* **Problem requirements**
Quote the data exactly, first line to the line containing "White Wall Mounted", with no pictures.

* **Excerpted records**
..........
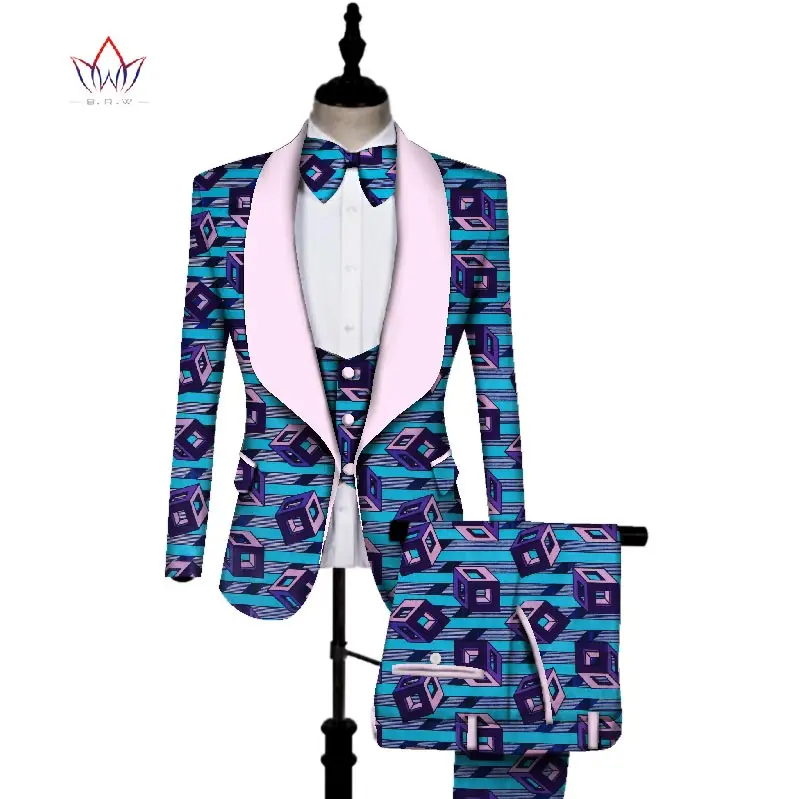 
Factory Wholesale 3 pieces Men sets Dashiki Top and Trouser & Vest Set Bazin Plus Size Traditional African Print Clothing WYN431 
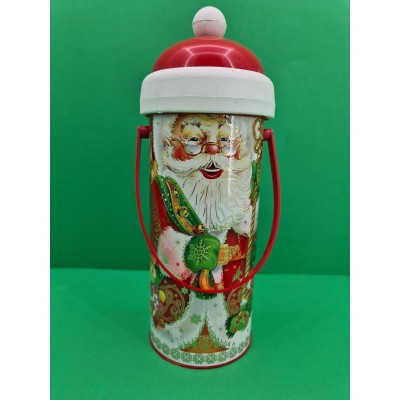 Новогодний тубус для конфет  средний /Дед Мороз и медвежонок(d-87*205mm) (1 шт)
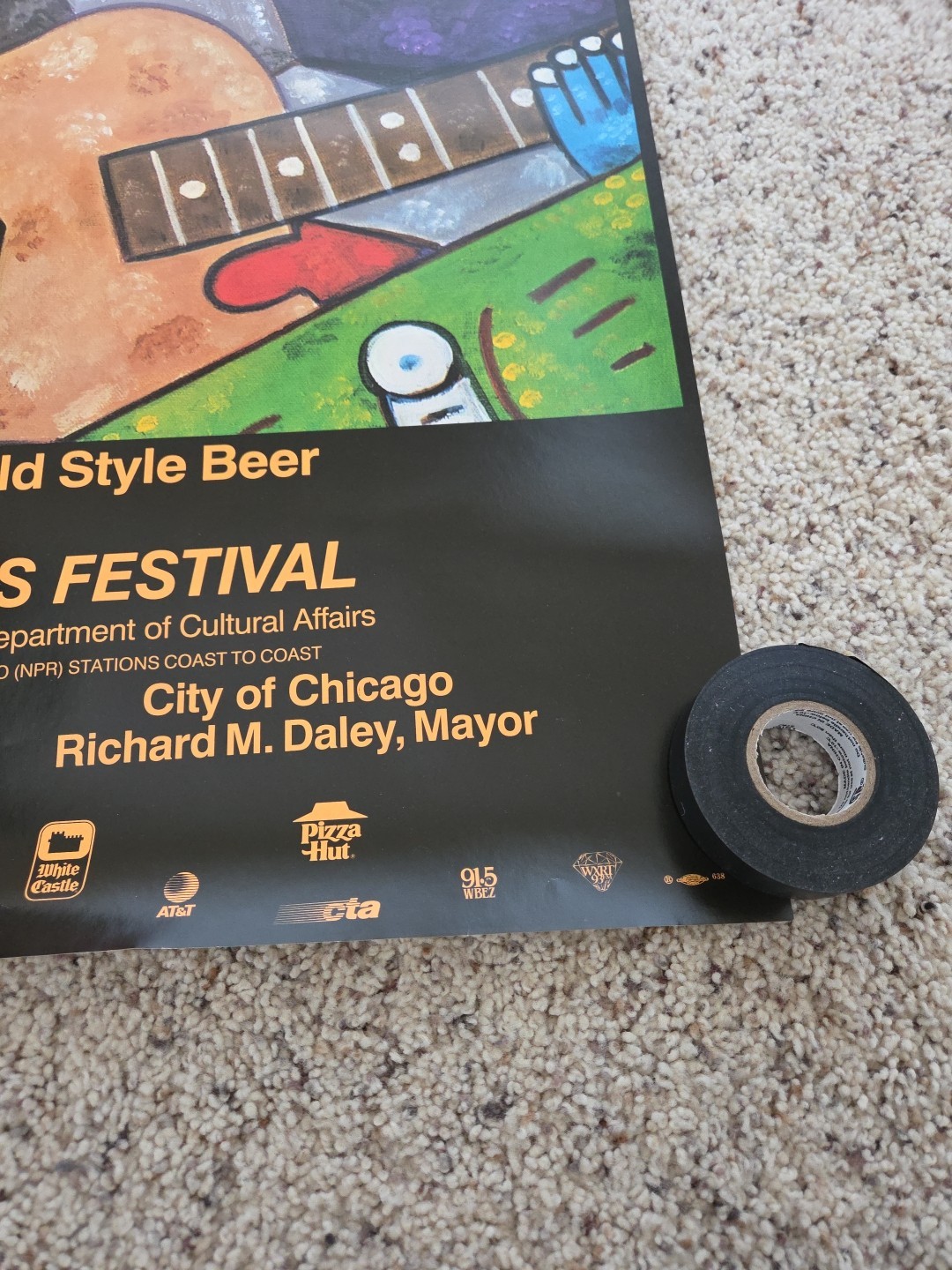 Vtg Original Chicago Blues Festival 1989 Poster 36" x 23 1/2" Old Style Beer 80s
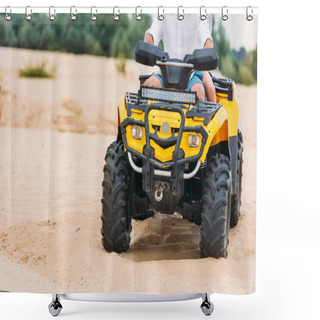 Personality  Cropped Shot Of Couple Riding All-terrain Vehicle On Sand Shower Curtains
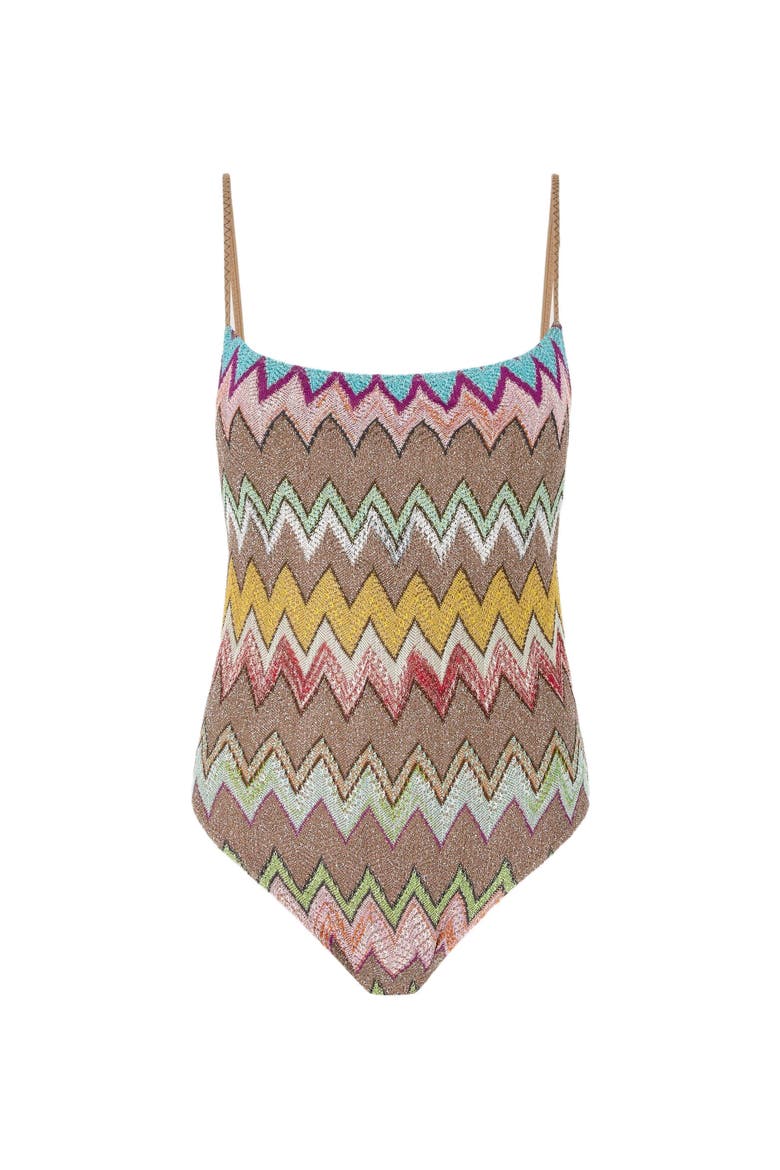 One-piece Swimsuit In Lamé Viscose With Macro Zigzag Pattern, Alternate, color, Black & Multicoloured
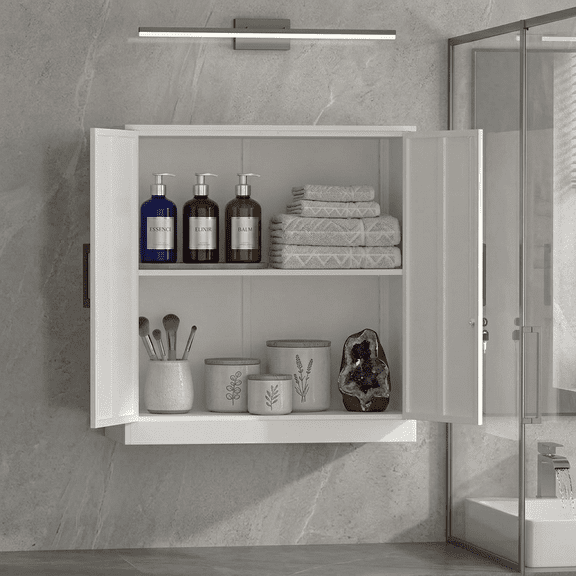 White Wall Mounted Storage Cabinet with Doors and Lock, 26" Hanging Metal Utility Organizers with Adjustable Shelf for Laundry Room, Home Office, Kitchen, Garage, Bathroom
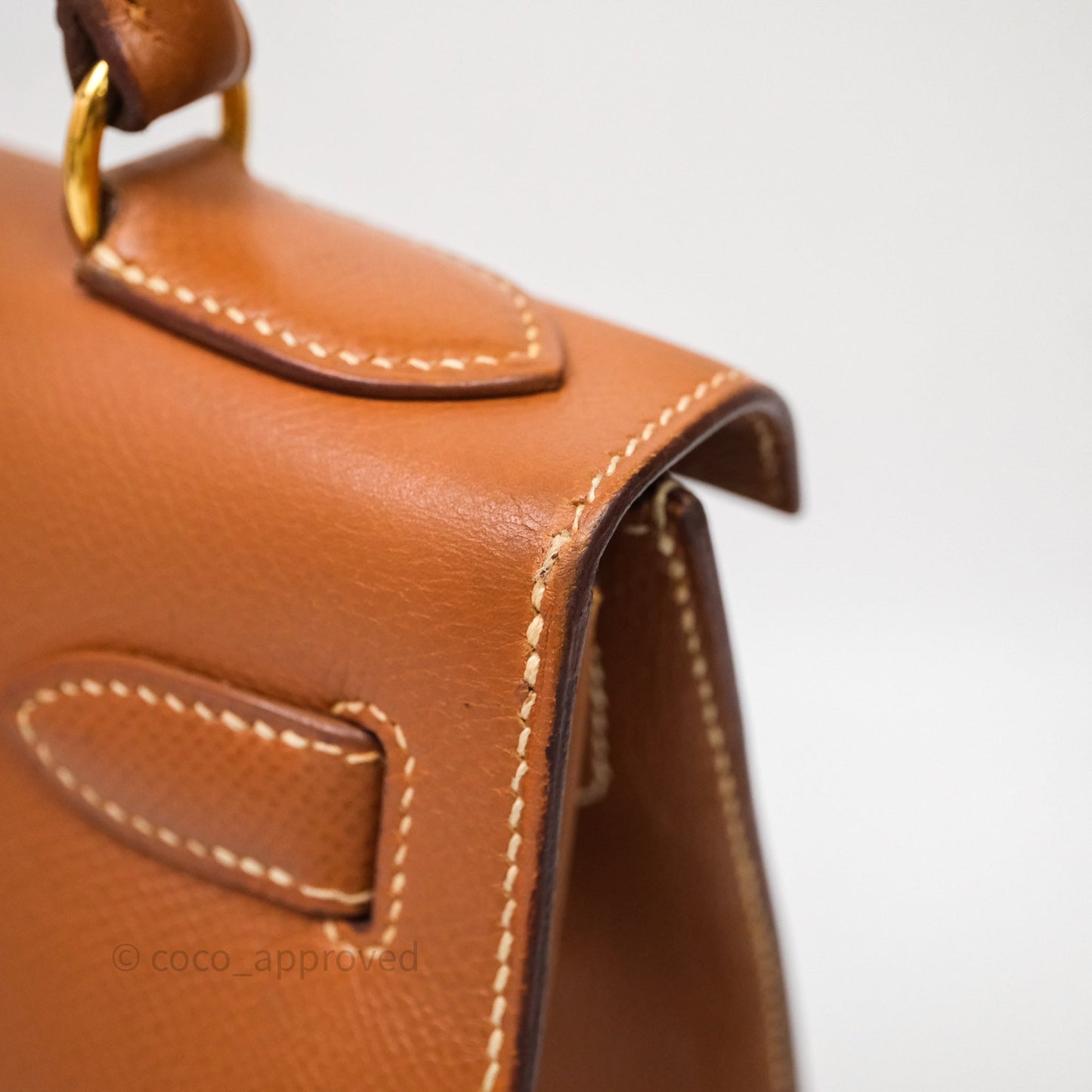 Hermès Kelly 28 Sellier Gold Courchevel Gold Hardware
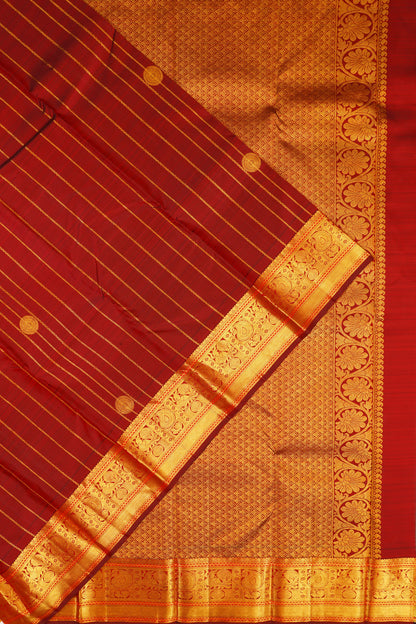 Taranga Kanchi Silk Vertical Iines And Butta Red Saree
..........
* **Task result**
Factory Wholesale 3 pieces Men sets Dashiki Top and Trouser & Vest Set Bazin Plus Size Traditional African Print Clothing WYN431 
 Новогодний тубус для конфет  средний /Дед Мороз и медвежонок(d-87*205mm) (1 шт)
 Vtg Original Chicago Blues Festival 1989 Poster 36" x 23 1/2" Old Style Beer 80s
 Personality  Cropped Shot Of Couple Riding All-terrain Vehicle On Sand Shower Curtains
 One-piece Swimsuit In Lamé Viscose With Macro Zigzag Pattern, Alternate, color, Black & Multicoloured
 White Wall Mounted Storage Cabinet with Doors and Lock, 26" Hanging Metal Utility Organizers with Adjustable Shelf for Laundry Room, Home Office, Kitchen, Garage, Bathroom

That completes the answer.